START Available records

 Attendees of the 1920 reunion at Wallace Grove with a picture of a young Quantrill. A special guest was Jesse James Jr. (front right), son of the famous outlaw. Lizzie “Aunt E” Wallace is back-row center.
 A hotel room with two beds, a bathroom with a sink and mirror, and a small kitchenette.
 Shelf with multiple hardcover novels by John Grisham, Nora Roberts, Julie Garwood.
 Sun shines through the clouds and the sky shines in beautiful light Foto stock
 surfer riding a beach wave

END Available records
START Available records

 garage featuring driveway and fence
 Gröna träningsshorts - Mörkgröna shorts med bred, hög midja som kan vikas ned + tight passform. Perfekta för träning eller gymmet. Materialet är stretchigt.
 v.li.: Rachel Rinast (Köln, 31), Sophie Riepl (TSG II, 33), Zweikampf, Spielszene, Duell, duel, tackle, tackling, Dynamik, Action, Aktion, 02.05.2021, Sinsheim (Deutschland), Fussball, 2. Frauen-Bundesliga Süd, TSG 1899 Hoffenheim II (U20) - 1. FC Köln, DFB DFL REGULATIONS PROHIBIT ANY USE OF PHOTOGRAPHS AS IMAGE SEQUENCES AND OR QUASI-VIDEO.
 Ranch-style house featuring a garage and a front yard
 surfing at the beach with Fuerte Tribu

END Available records
START Available records

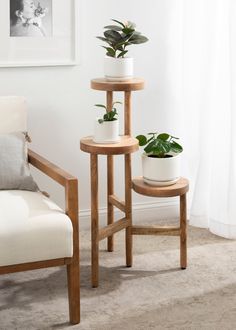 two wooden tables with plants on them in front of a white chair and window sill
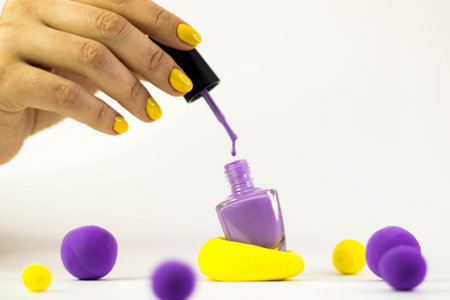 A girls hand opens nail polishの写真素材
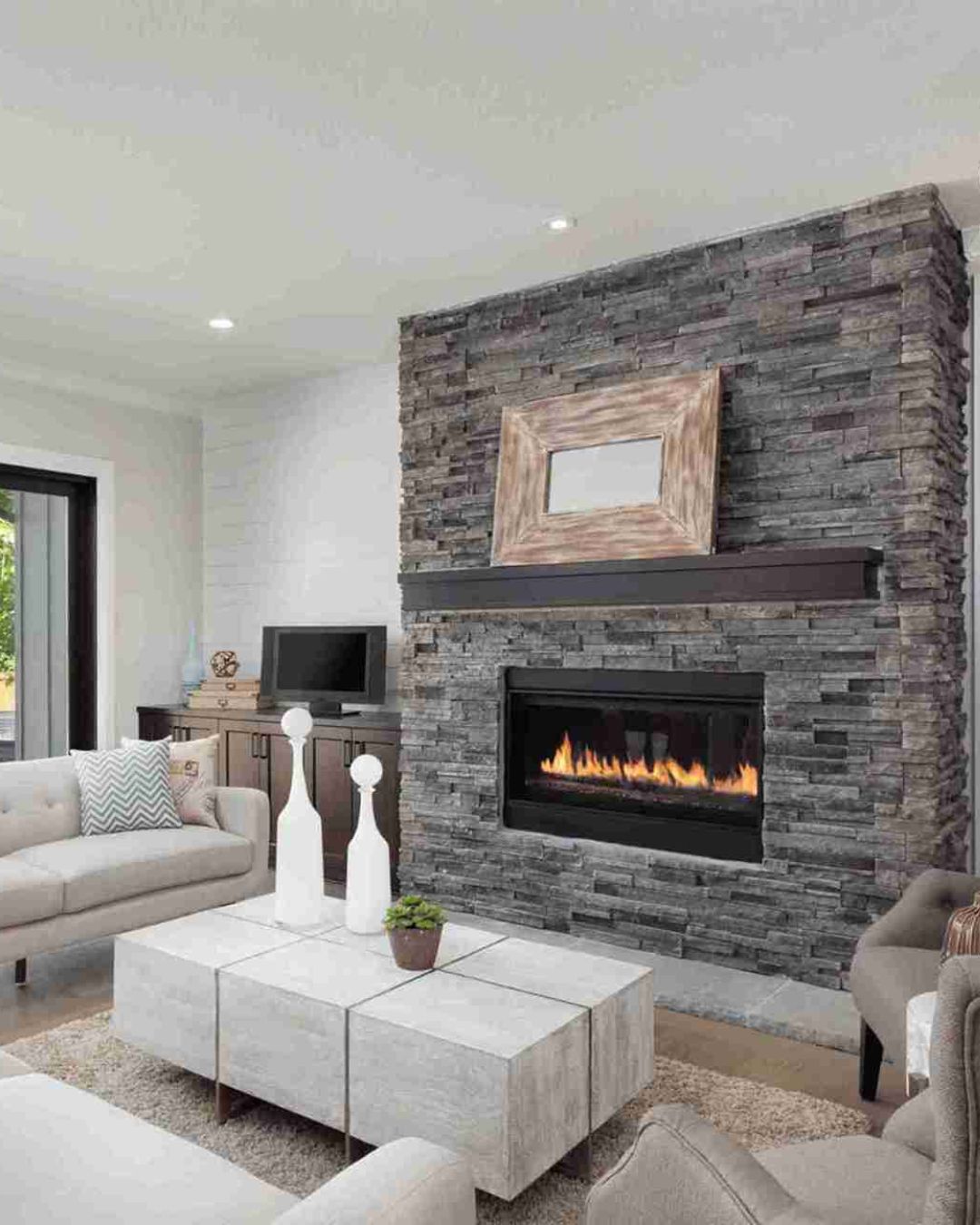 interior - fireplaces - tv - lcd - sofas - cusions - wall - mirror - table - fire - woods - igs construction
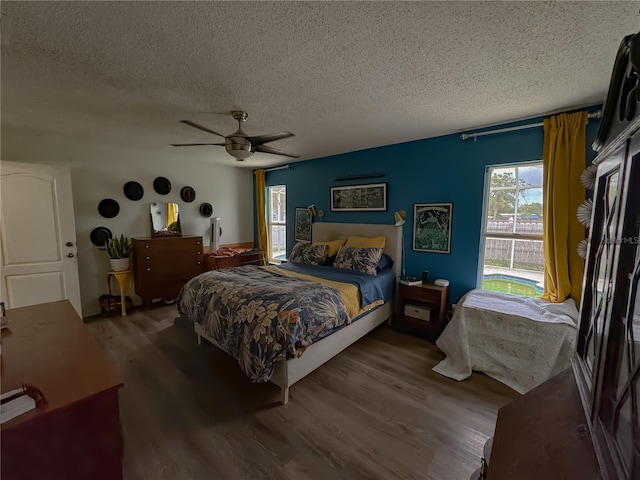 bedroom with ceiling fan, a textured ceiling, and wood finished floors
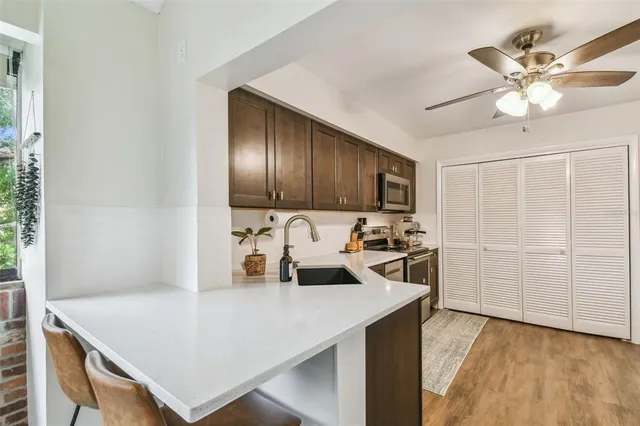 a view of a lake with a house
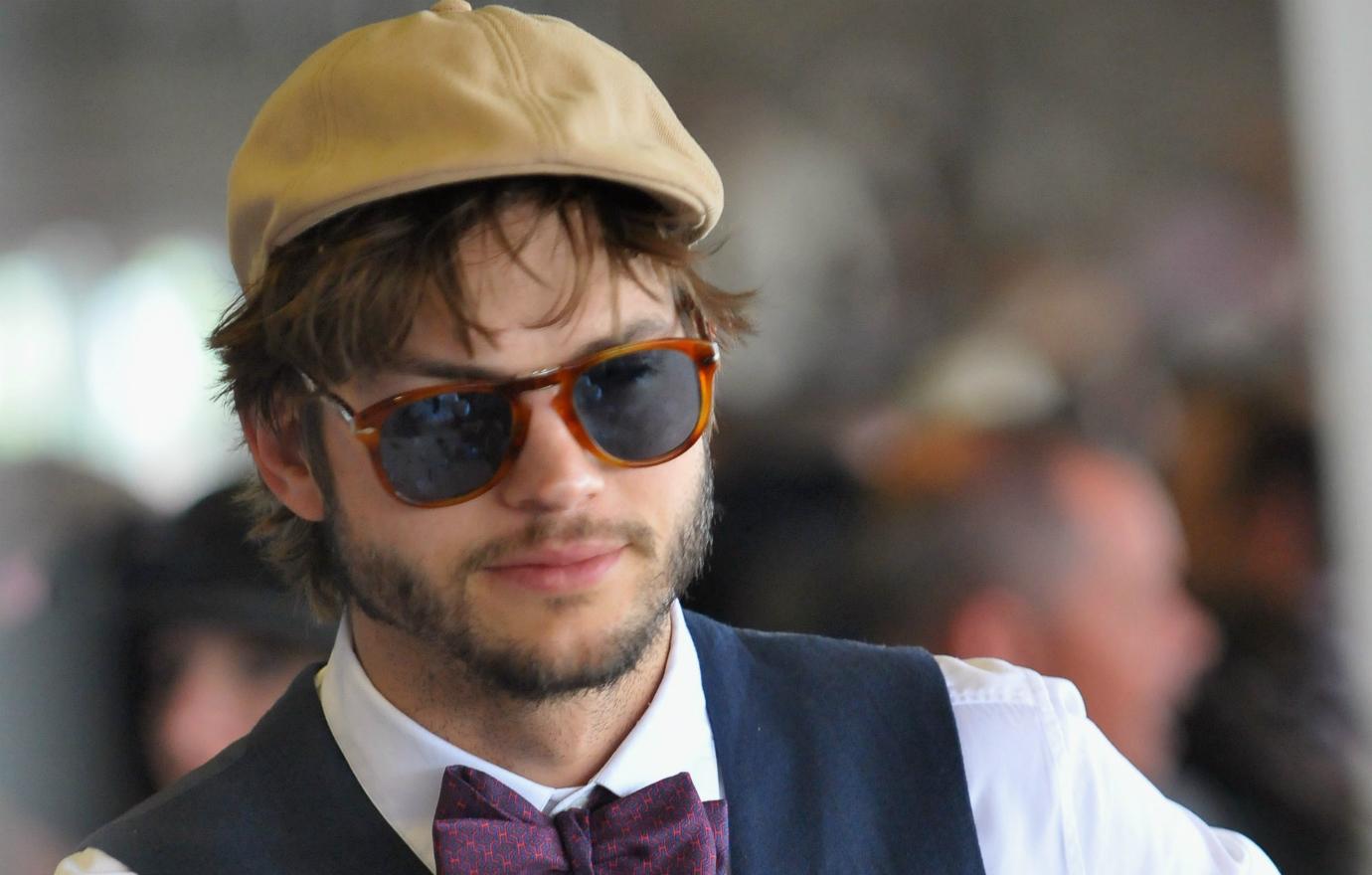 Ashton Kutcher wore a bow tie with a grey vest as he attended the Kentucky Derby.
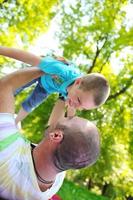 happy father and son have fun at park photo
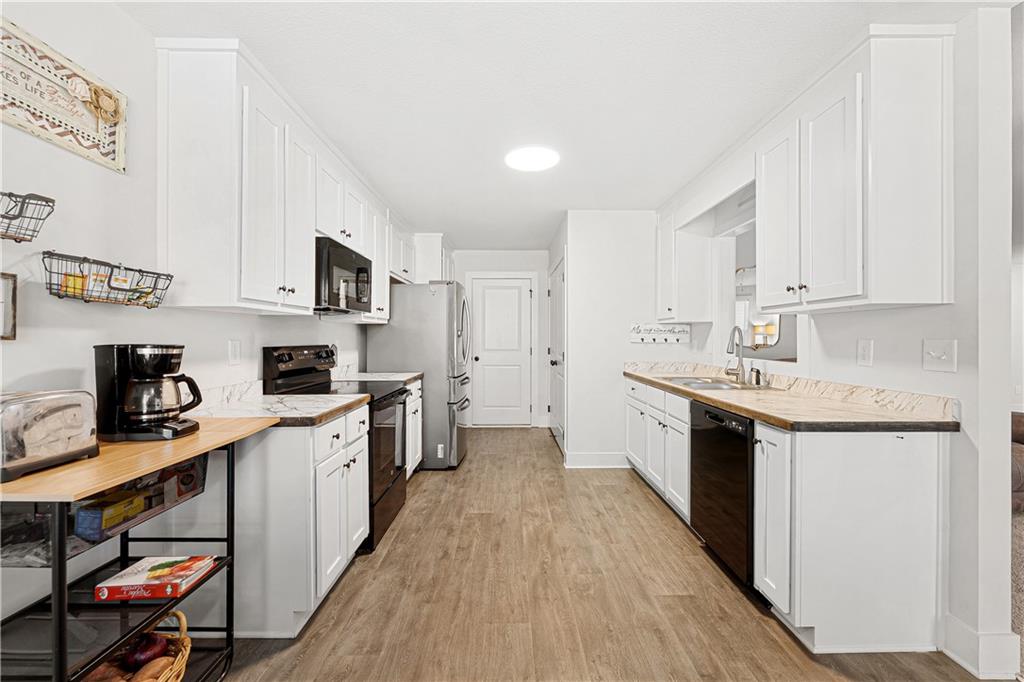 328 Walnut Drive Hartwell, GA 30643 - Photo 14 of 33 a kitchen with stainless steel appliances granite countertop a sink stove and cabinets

END Available records

[Problem to work on] Once the line with "Attendees of the" is found in the records above, print exactly that line and every line after it through the line with "surfer riding a beach wave".

[Response]
 Attendees of the 1920 reunion at Wallace Grove with a picture of a young Quantrill. A special guest was Jesse James Jr. (front right), son of the famous outlaw. Lizzie “Aunt E” Wallace is back-row center.
 A hotel room with two beds, a bathroom with a sink and mirror, and a small kitchenette.
 Shelf with multiple hardcover novels by John Grisham, Nora Roberts, Julie Garwood.
 Sun shines through the clouds and the sky shines in beautiful light Foto stock
 surfer riding a beach wave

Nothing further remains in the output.